Next, I cut out holes for the bones and organs. It was difficult cutting up my nicely painted cat!




Next, I used cardboard to build little forms to keep the pieces from wandering away from the holes through which the player removes them.




Here are the game pieces in place with the lid closed.




I used half inch copper tape to line the edges of the holes. I also used a piece of telephone wire with the insulation stripped off under each of the pieces of copper tape.




I built storage areas for the game pieces and the chopsticks.




The wires from the holes in the board are routed out the side. Everything maps to the space bar through the MaKey MaKey, so I just clip an alligator clip onto the bundle of wires, the ends of which I stripped of insulation.




With everything in place the game can be connected to the MaKey MaKey and along with the laptop running Scratch and my project, one can play Operation!




I tested it with my fifth grade students. We all agreed that the bones and organs were too large and too difficult to remove without triggering Scratch to remove health points, turn the cat green, and make a sound. I made some smaller bones and organs with Sugru.




The fifth graders are now building smaller-scale versions of Operation games using repurposed cereal boxes. Some used an LCD projector to trace their image. Others free-hand drew the design.












Additionally, a student showed us how she learned to convert chopsticks into tweezers using the paper in which the chopsticks are wrapped and a rubber band. While some students worked on the boxes others worked on creating their wired chopsticks that will connect to the MaKey MaKey.




One group is ahead of the others in building their Operation game. They cut holes in their box from which players will remove the pieces. We are building the student versions of the game with removeable "motherboards." Here a student is tracing the holes cut in the box onto the motherboard. They will use the tracing for the little forms to keep the pieces from wandering away from the holes through which the player removes them.
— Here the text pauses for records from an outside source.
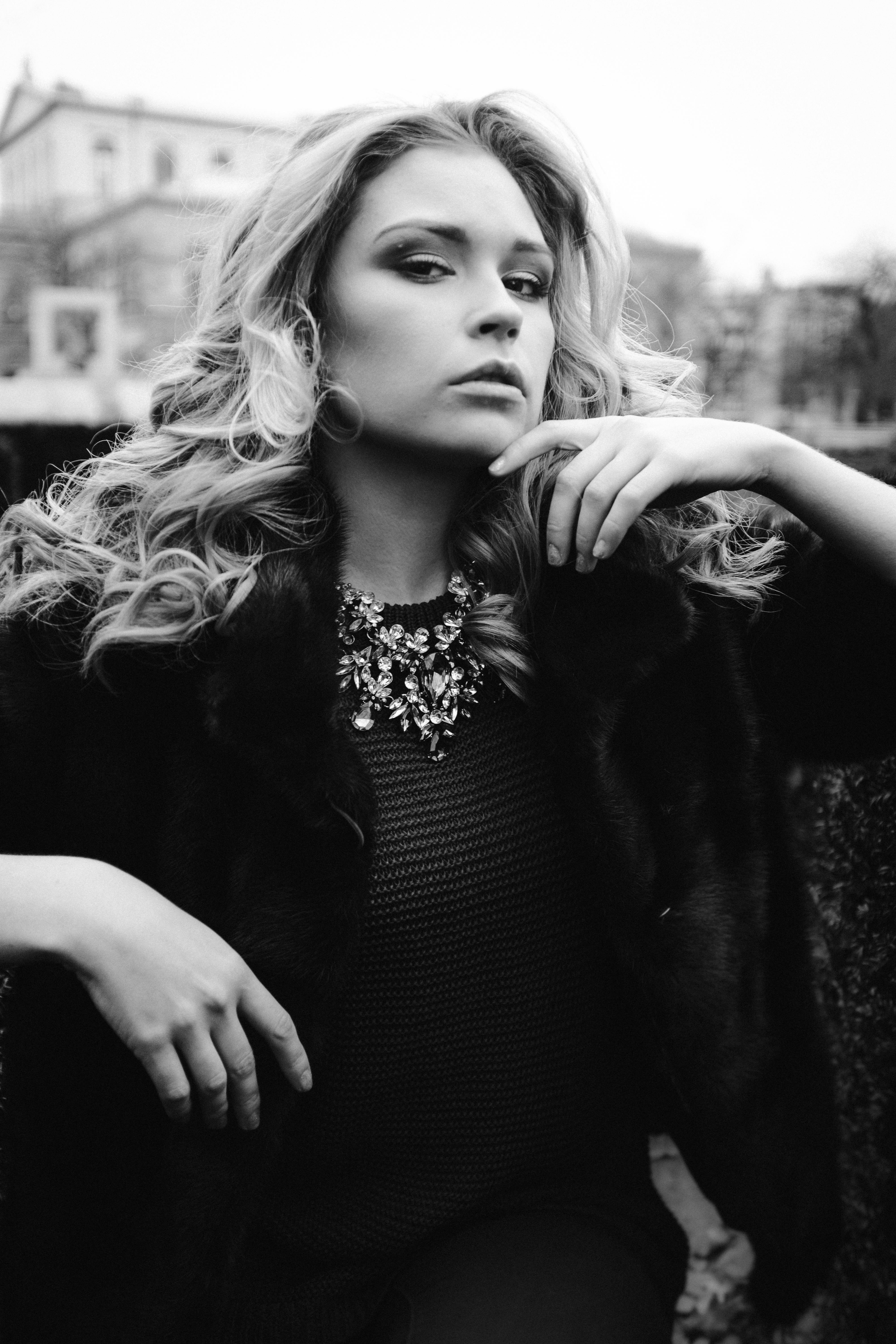 Black and white portrait of a woman in fur jacket and necklace, captured in urban environment.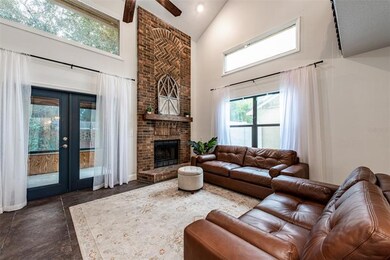Gather around the lovely brick front WOOD BURNING FIREPLACE with a wood mantel acting as the charming focal point of the home!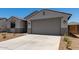 Lovely single-Gathering home boasts desert landscaping, a two-car garage, and a covered entryway at 18363 W Monte Lindo Ln, Surprise, AZ 85387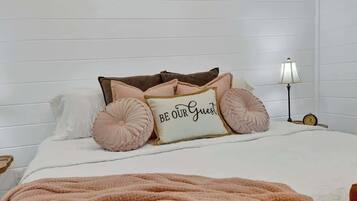 Una cama bien tendida con una almohada que dice 'BE OUR GUEST', una lámpara de noche y un reloj en la mesita.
They glued the forms to the motherboard.


We glued some ribs to the bottom of the motherboard. This elevates the motherboard so the player does not have to reach too deep into the box with the chopsticks.



The group is ready to wire up their motherboard, put foil in the forms, and construct their Scratch project!



The students behind the Homer Simpson Operation game continued working on their motherboard. They wired the board with quarter inch copper tape, making sure the tape extended inside the forms so it had good contact with the foil with which they would line the forms. 



The foil was cut into circles for the bottom of the forms and strips for the side. The students used a glue stick to apply the foil to the forms.



This group was very detail oriented and took time and care lining their forms with foil. However, I knew that we could iterate on this part of the design and perhaps come up with a quicker build for the other groups.

In the first class I suggested the students use the forms, before they are hot-glued to the motherboard, to trace onto aluminum foil the shapes for the bottom of the form area. They would then use a glue stick to glue the foil to the motherboards.


With the foil base of the form in place they could stick the copper tape to the motherboard so the MaKey MaKey could clip onto the motherboard.


Once that was done they lined the forms with strips of aluminum foil.


They hot-glued the forms to the motherboard. It was easier to work with the foil before gluing the forms to the motherboard and greatly expedited this part of the build.

In the other class I suggested that the students should put down their copper tape leads first.



Afterwards they followed the same course as the other class, putting the foil bottoms onto the board, lining their forms, and gluing the forms to the board.



Students made the bones and organs (and in Homer Simpson's case, a donut) from Sugru. It is easy to work with but I find it dries out in the packaging way too easily.


Meanwhile, a couple groups got their Scratch projects together. Their projects should have a visual feedback and an audio feedback if the player touches the foil with the chopsticks.



In the process the students learned how to import images into the Scratch Costume area and import .wav or .mp3 files into the Scratch Sounds area. Some students are making the character change colors when MaKey MaKey detects the circuit being closed, while another group makes the character gradually shrink each time the player touches the foil.

One group tested their motherboard with the software. I pointed out prior to their testing that none of us had actually tested to see if the copper tape and aluminum foil motherboards would work. My model was different then theirs. It was a relief to see that it worked!


Each game is different with the same underlying motherboard design. The Scratch projects work the same way, too, utilizing the MaKey MaKey to read a "key press," but each project reflects the young makers' personalized design.